§ **Information supplied**

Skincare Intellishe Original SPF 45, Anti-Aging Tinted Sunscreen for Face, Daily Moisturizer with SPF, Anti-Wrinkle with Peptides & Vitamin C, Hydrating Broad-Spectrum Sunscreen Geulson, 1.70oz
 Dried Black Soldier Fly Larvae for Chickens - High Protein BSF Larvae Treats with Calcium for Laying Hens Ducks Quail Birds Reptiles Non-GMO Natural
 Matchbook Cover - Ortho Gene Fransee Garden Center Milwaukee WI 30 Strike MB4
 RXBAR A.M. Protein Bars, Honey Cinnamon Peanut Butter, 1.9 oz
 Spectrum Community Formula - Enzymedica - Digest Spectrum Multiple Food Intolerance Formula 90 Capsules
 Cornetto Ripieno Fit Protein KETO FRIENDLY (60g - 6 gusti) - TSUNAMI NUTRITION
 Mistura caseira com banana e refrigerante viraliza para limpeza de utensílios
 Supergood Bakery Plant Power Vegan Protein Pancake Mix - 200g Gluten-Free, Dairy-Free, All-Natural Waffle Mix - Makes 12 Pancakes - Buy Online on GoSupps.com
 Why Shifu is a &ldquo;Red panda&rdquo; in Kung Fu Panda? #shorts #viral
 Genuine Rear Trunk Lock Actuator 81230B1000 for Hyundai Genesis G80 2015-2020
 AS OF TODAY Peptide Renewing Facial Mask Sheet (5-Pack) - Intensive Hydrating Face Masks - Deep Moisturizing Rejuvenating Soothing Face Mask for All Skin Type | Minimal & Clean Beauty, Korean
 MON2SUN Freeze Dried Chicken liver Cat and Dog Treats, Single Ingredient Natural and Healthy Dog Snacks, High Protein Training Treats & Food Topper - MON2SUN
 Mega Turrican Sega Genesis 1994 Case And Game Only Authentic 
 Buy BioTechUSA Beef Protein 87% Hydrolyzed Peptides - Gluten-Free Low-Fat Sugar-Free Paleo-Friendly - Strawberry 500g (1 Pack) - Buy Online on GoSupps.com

§ **Task goal**
Find and copy each line above that includes the string "Natural".

§ **Output of the task**
 Dried Black Soldier Fly Larvae for Chickens - High Protein BSF Larvae Treats with Calcium for Laying Hens Ducks Quail Birds Reptiles Non-GMO Natural
 Supergood Bakery Plant Power Vegan Protein Pancake Mix - 200g Gluten-Free, Dairy-Free, All-Natural Waffle Mix - Makes 12 Pancakes - Buy Online on GoSupps.com
 MON2SUN Freeze Dried Chicken liver Cat and Dog Treats, Single Ingredient Natural and Healthy Dog Snacks, High Protein Training Treats & Food Topper - MON2SUN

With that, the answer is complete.